This dissertation describes the occurrence of pumping-induced earth fissures associated with quaternary faulting using numerical simulations. The Eglington Fault located in Las Vegas valley has been selected as the prototype fault described herein. The finite-element software program ABAQUS is used for the numerical simulations.

The Eglington fault area is chosen because it represents one of the best examples displaying the complex relationship between fissuring, faulting and pumping-induced stress. This fault is known to influence both the vertical and horizontal deformation patterns through the accumulation of stress in its vicinity. The result is that fissures are observed on both sides of the fault and in close proximity to the fault plane. In addition to the complex fault-fissure connection, a thick caliche-rich vadose zone with weak mechanical strength allows for the initiation and propagation of fissures.

The numerical analysis a) investigates the geometrical and hydromechanical features of the zone of influence surrounding the Eglington Fault; b) identifies the zones of accumulated stress on the surface and at depth that can lead to fissuring; and c) simulates the onset and propagation of tensile-induced fissures.

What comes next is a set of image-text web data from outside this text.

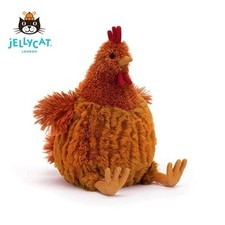 NWT-Jellycat Cecile Chicken Soft Plush Stuffed,23cm Rooster Toy /w Tag &Gift Bag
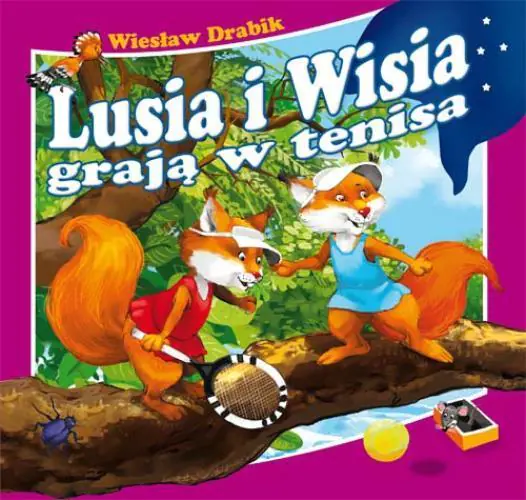 Książka - Lusia i Wisia grają w tenisa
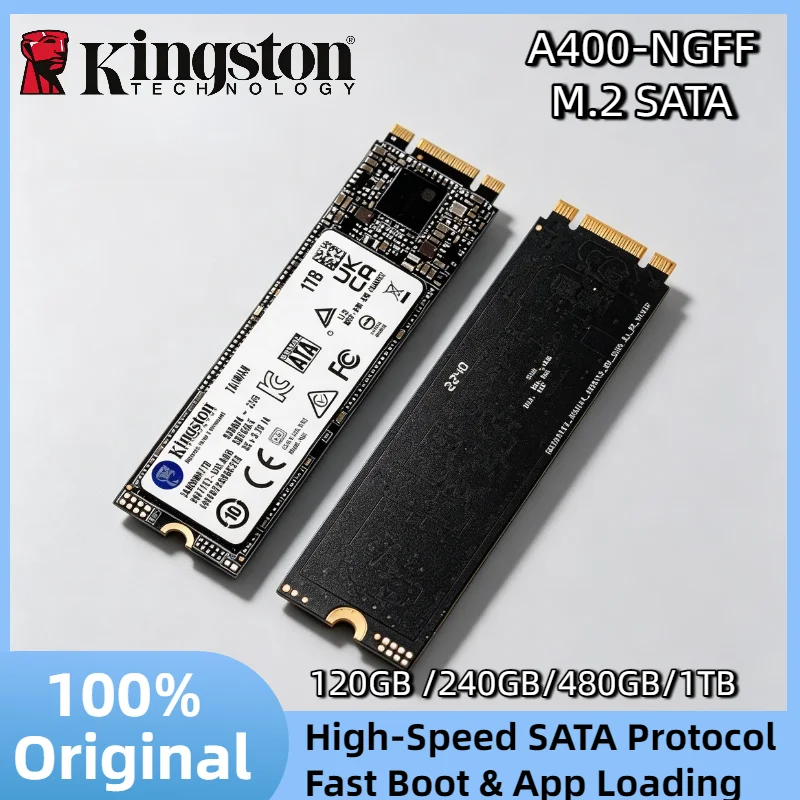 

Kingston A400 M.2 2280 SATA SSD 2TB 1TB 480GB 240GB 120GB NGFF Internal Solid State Drive for Desktop Laptop Pro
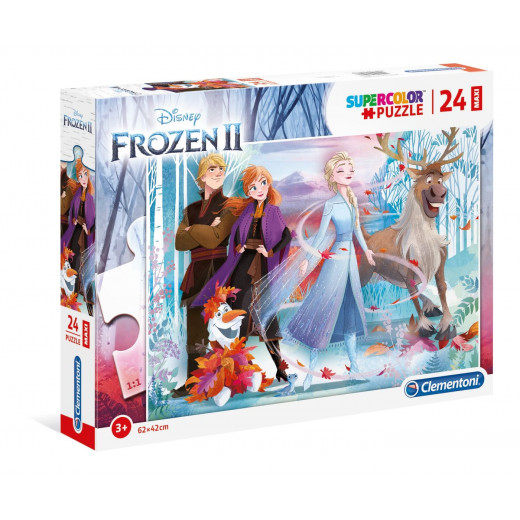 Clementoni Puzzle 24 Pieces,  Maxi 2 Frozen 2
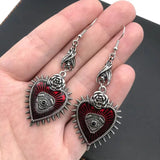 Daiiibabyyy Women Punk Vintage 3D Eye Dangle Earrings Goth Hanging Drop Pendant Retro Earrings Jewelry Party Accessories Gift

Three-dimensional numerical simulations of this fault indicate that a 100-meter wide fault-zone composed by sand-like material best reproduces the conditions of stress that may lead to fissuring in the vicinity of the fault. Additionally, two-dimensional models reveal that two main mechanisms promote the accumulation of stress in the vicinity of the fault zone: one is the counterclockwise rotation of the unsaturated portion of the fault zone; the other is the differential compaction caused by the difference in the accumulated thickness of compressible layers. Tensile stress is concentrated on the surface in the hanging wall, but maximum shear stress zones are simulated to occur on both sides of the fault at the contact between the saturated aquifer and the vadose zone. A final analysis of the initiation and propagation of tensile-induced fissures demonstrates that fissures commence and propagate only within the vadose zone, and that the propagation path is influenced by the mechanical properties of the medium and the location of the main load, which in this case is pumping.